The following are my notes for Software Foundations Volume 2: Programming Language Foundations.

NOTE: These notes currently only contain the first three chapters (Equiv, Hoare, Hoare2).

Equivalence of Programs

What does it mean for two programs to be equivalent? Two programs are behaviorally equivalent if, from any initial state, both diverge or both terminate in the same final state. Syntax is not what matters, behavior is. In Rocq, we write this as follows: for every st and st', c1 terminates from st in st' if and only if c2 also terminates from st in st'. Chapter Equiv proves that our definition is in fact a true equivalence relation by being reflexive, symmetric, and transitive.

Definition cequiv (c1 c2 : com) : Prop :=
  forall (st st' : state),
    (st =[ c1 ]=> st') <-> (st =[ c2 ]=> st').
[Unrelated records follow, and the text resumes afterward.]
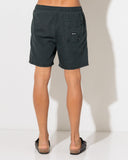 Hurley Beach Staple Boardshort in Black back view highlighting the clean straight-cut performance paneling flexible coverage lines and secure rear utility pocket architecture, sold by Point Break Cambridge local family surf shop at 63 Duke street.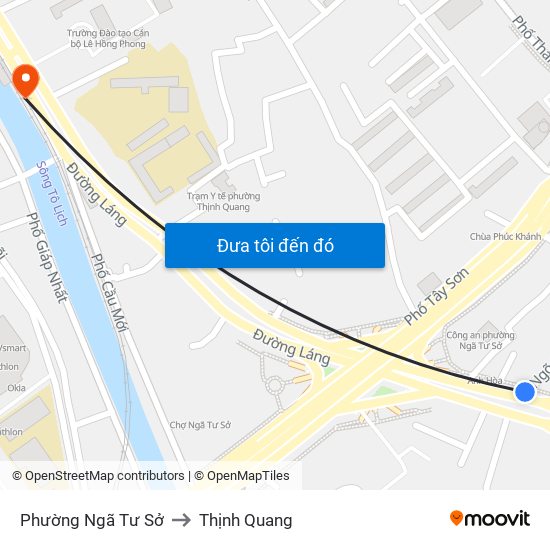 Phường Ngã Tư Sở to Thịnh Quang map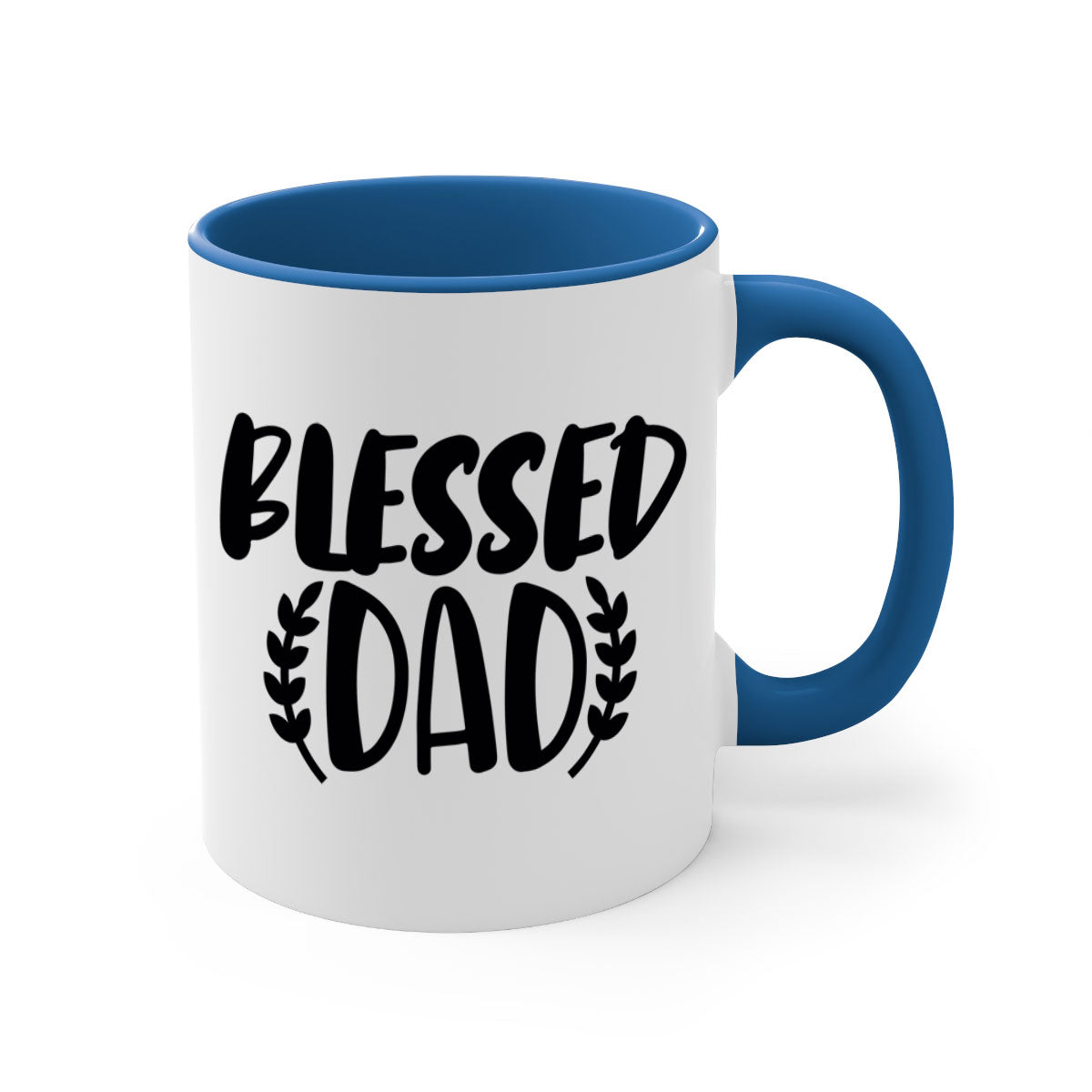 A stylish two-tone Blessed Dad Mug with a glossy finish, featuring a colored handle and interior, available in multiple colors.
To show that two programs are not equivalent, you typically give a counterexample: find an initial state where one program can terminate in some final state (or diverges) but the other cannot match that behavior. In practice this is often quite easy.

Behavioral equivalence also gives us a clean spec for compiler optimizations: a transformation is sound if it preserves behavior. For arithmetic expressions, equivalence means they evaluate to the same number in every program state. (In Imp, aexp is the syntax of arithmetic expressions: numbers, variables, and +/-/*.)

Definition aequiv (a1 a2 : aexp) : Prop :=
  forall st : state, aeval st a1 = aeval st a2.

(* Eliminate additions with zero: 0 + a2  ~~>  a2 *)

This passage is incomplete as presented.